Vie pro/vie perso: les enfants? à l’école ! (La citation du chef, façon VDM)

Horloge3

Récemment, j’ai eu une discussion avec mon responsable qui voulait me parler de mes horaires.

C’est bien la première fois qu’on me parle des horaires!

De tous les postes que j’ai occupé jusqu’à présent, même en tant que stagiaire, j’étais libre et jamais surveillée, on parlait de mon travail, de ce qui était bien, de ce qui manquait, de ce qu’il fallait approfondir, pas de mes horaires!

Mais là, dans cette administration vieillissante de province, où l’on doit pointer 4 fois par jour, mon chef veut me parler de « mes » horaires!

Contexte: j’habite à 1h30 de train de mon travail. Le matin, j’ai le choix entre arriver à 8h ou à 10h et le soir, celui de partir à 16h ou à 18h.
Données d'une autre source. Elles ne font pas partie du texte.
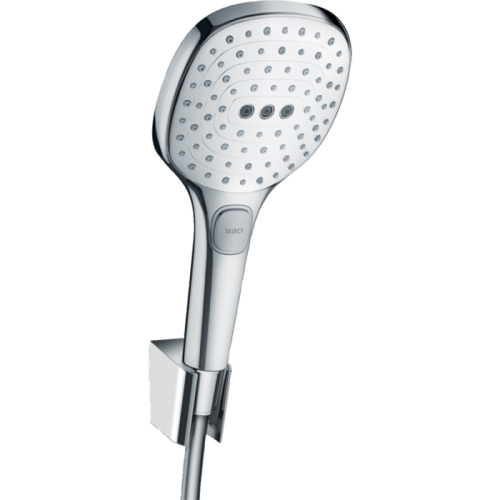 Hansgrohe Raindance Select E 120 Port Ручной душ, с держателем, цвет: хром фото в интернет-магазине САНТЕХСИТИ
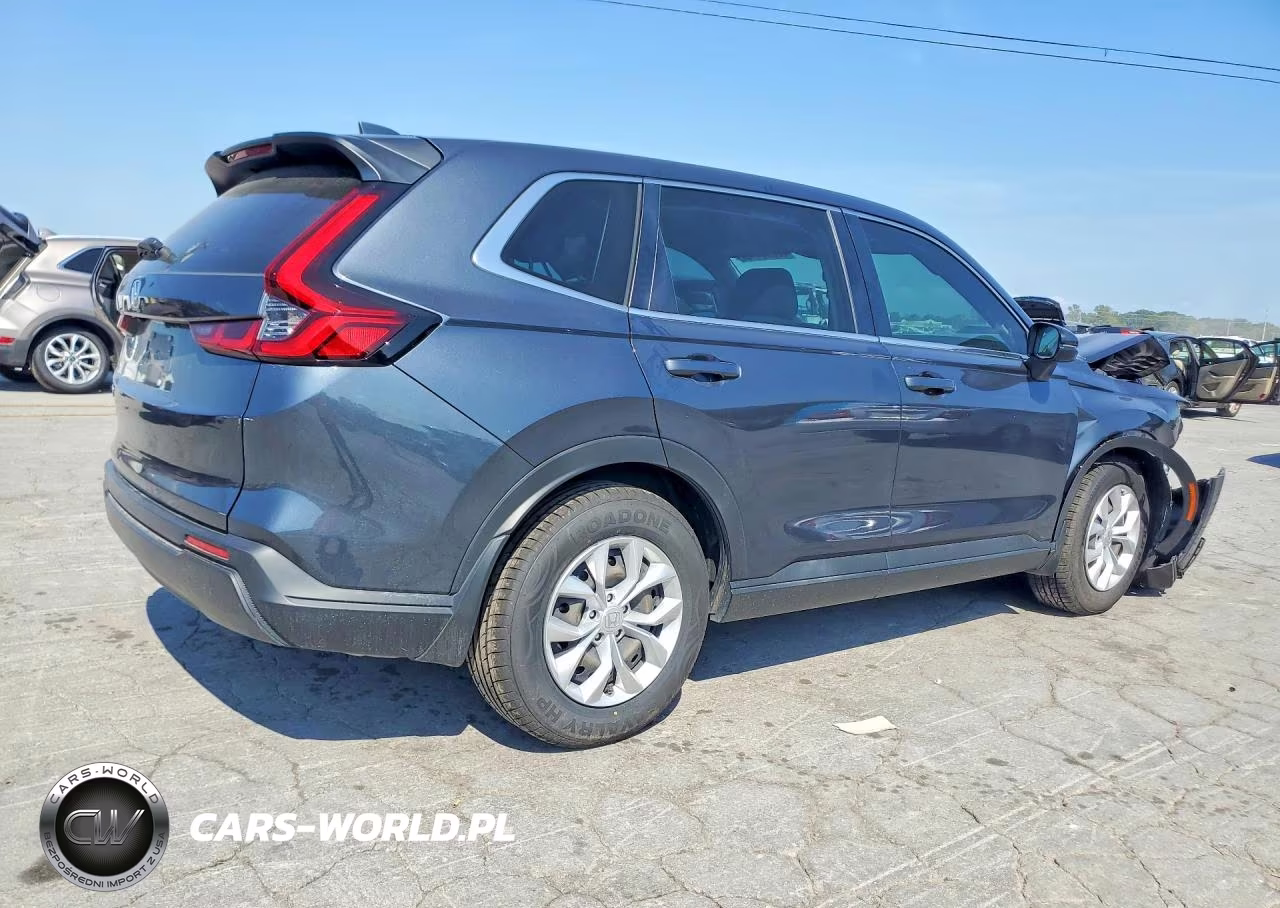 2023 Honda Cr-V Lx VIN:7FARS3H29PE013225 - 3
Entre les deux, rien, à moins de prendre la voiture (ce qui est exclus).

Je fais donc le plus souvent des journées 8h-16h, et une fois par semaine environ, 8h-18h. (Ce qui me fait partir de chez moi à 6h30 et revenir à 17h30 ou 19h30, soit dit en passant. (Sympa la vie de famille quand tu ne vois pas tes enfants le matin et que tu arrives pour les coucher.) (Le fait que les enfants aient moins d’un an et 3 ans ne change rien, évidemment.)

Donc, mon chef veut me parler de « mes horaires« :

Lui: « j’ai constaté, blablabla, que tu ne fais pas tes heures sur la semaine ».
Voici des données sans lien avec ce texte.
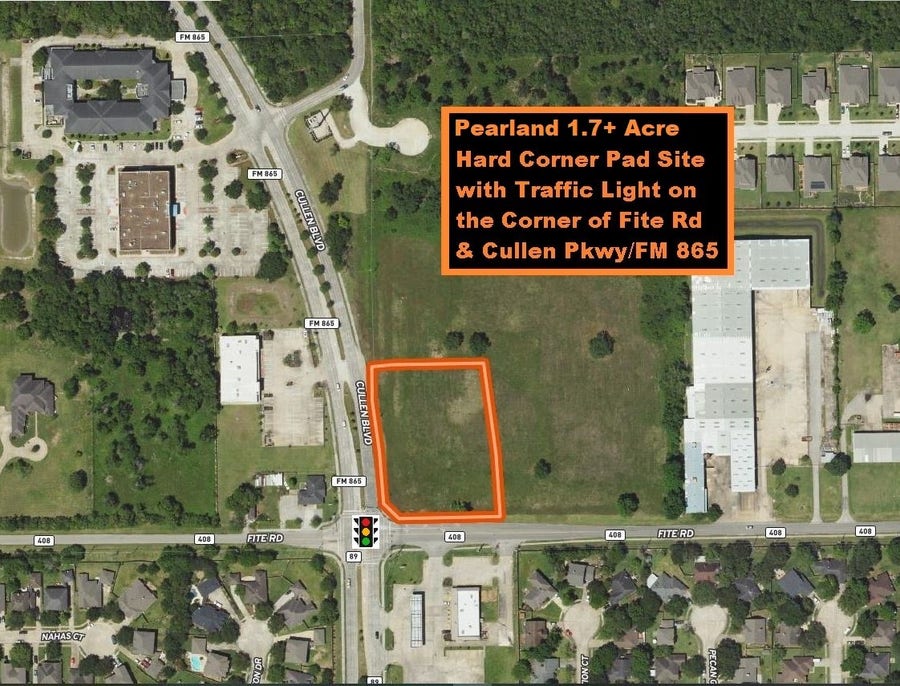 Property photo for 0 Cullen Parkway, Pearland, TX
Moi: « mais si je les fais, je n’ai jamais été en négatif, où est le problème? »

Lui: « il y a certaines semaines où tu pars tous les jours à 16h, ça te fait -2h sur les 39h réglementaires ».

Moi: « ben oui, c’est possible que certaines semaines, je sois partie tous les jours à 16h, mais il y a des semaines où je suis restée 2 jours de suite tard pour des réunions à la con. Je n’ai jamais été en négatif au compteur. »

Lui: « oui mais bon, y’a des semaines où tu ne fais pas tes heures. »

Comme on allait tourner en rond (et que ça compte des heures, aussi, de parler des heures faites ou pas faites!) je dévie un peu et évoque (oh malheur sur moi) ma vie de famille: les horaires, cette contrainte de train que je n’ai pas choisi (une maison à vendre qui ne se vend pas), mes enfants en bas âge que je ne vois pas de la journée…

Et là, réplique ultime, qui frôle le point Godwin pour la sacro-sainte articulation vie pro/vie perso: « oui mais bon les enfants, y’a les vacances et les week-ends pour les voir, hein. La journée, ils sont à l’école. »

J’aime mon chef.

(Je rappelle que mes enfants ont 9 mois et 3 ans, alors l’école, euh comment dire… Puis c’est bien connu qu’on n’a pas besoin physiquement de sa mère à cet âge là.) Puis faut les y emmener à l’école (enfin chez l’assistante maternelle quoi), puis les ramener, puis les nourrir, accessoirement leur parler (mais bon, ce sont des enfants, alors est-ce qu’ils comprennent ?).

Épilogue: comme vous l’avez  constaté, ma conclusion est hautement ironique.

Pour la suite de l’histoire: j’ai pu quand même rattrapé le coup en disant que je comprenais son inquiétude vis à vis des horaires et que je ferai un effort (sur la régularité des pointages, parce que, oui parfois, j’oublie tellement ça me gonfle -je vais invoquer la phobie administrative du pointage, c’est à la mode!). Et j’ai fini en disant que je préférais qu’on parle de mon travail plutôt que des horaires. Ce qu’on a fait.

Épilogue bis: je change de poste dans un mois. Bonne nouvelle!